LISP is a routing architecture, not a feature; it gives IP a full set of capabilities that it does not natively have. LISP enables IP address portability, which can be seen in two ways. First, it allows the mobility of a host or addresses anywhere without changing the host IP address or having to ask Azure to advertise your public subnets. Second, it allows defining an edge host IP address independently from the site IP structure it will reside on. The decoupling of the application definition from the network is critical for cloud flexibility.

IP Mobility Requirements
The goal of IP mobility is to steer traffic to the valid location of the end-point. This aspect is generally addressed by providing some sort of re-direction mechanism to enhance the traffic steering already provided by basic routing. Redirection can be achieved by replacing the destination address with a surrogate address that is representative of the new location of the end-point. For instance, what VNET or Region does my workload currently reside in?  A goal of IP mobility is to provide a solution that is totally transparent to the applications and allows for the preservation of established sessions, as end-points move around the IP infrastructure.

Terminology:
In traditional IP, the IP edge routing subnets are advertised all over the network using either an Interior Gateway Protocol (IGP) or an Exterior Gateway Protocol (EGP); it is very rare to advertise any host address (subnet mask /32). With LISP, such constraints disappear; LISP splits the host ID (EID) from the RLOC, allowing any host to move from location to location while keeping its unique identity. LISP architecture is composed of several elements, including the following:
Locator/ID Separation Protocol (LISP): A tunnel protocol that uses a central database in which endpoint location is registered. LISP enables an IP host-based mobility of endpoints.

LISP-enabled virtualized router: A virtual machine or appliance that supports routing and LISP functions, including host mobility.

Endpoint ID (EID): IPv4 or IPv6 identifier of the devices connected at the edge of the network. Used in the first (most inner) LISP header of a packet.

Routing locator (RLOC): IPv4 or IPv6 addresses used to encapsulate and transport the flow between LISP nodes.  A RLOC is the output of an EID-to-RLOC mapping lookup.

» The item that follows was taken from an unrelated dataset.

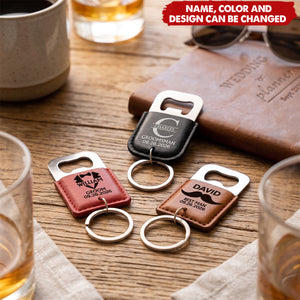 Groomsman Best Man - Personalized Leather Bottle Opener Keychain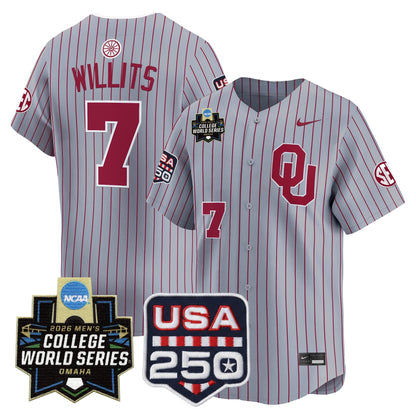 Oklahoma Sooners 2026 World Series Vapor Premier Limited Jersey - 250 America Patch - All Stitched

Ingress tunnel router (ITR): A router that has two functions: it resolves the location of an EID by querying the database, and then it performs the encapsulation toward the remote RLOC.  Sends requests toward the map resolver.  Populates its local map cache with the learned association.  Responsible to perform the LISP encapsulation

Egress tunnel router (ETR): A router that has two functions: it registers the endpoint or location associated with the database, and then it decapsulates the LISP packet and forwards it to the right endpoint.  It registers the EID address space it is authorized for and It is identified by one (or more) RLOCs

xTR: A generic appellation for a device performing both ITR and ERT functions.

Proxy-ITR (PITR): Acts like an ITR but does so on behalf of non-LISP sites that send packets to destinations at LISP sites.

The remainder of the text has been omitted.